What is being asked:
A faithful transcript of all the lines below, with no pictures, is the goal here.

The data:
**********

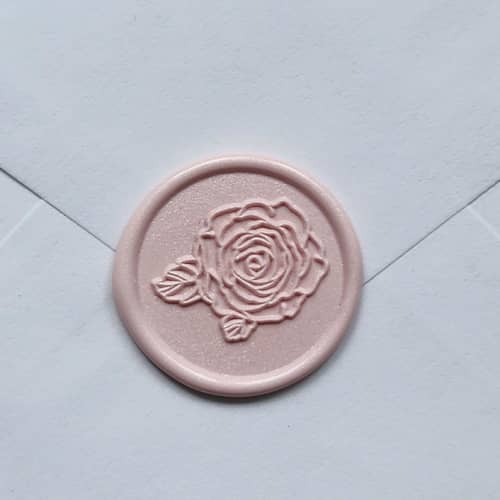 This is a white wax seals by MC silverlinings called customizable color rose head self-adhesive wax seals, set of 5 in standard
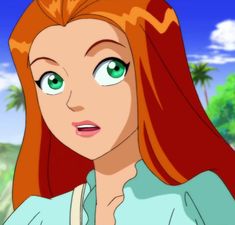 a woman with long red hair and green eyes looking at something in the distance while wearing a blue shirt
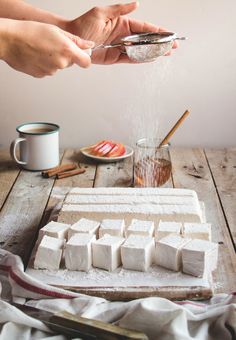 someone sprinkling sugar onto marshmallows on a wooden table with other ingredients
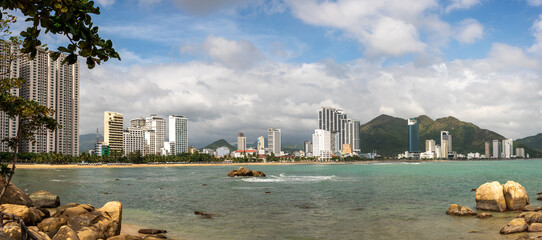 Nha Trang's scenic coastline with rocky shore, and modern high-rise hotels. coast meets sandy...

**********

Exercise response:
 This is a white wax seals by MC silverlinings called customizable color rose head self-adhesive wax seals, set of 5 in standard
 a woman with long red hair and green eyes looking at something in the distance while wearing a blue shirt
 someone sprinkling sugar onto marshmallows on a wooden table with other ingredients
 Nha Trang's scenic coastline with rocky shore, and modern high-rise hotels. coast meets sandy...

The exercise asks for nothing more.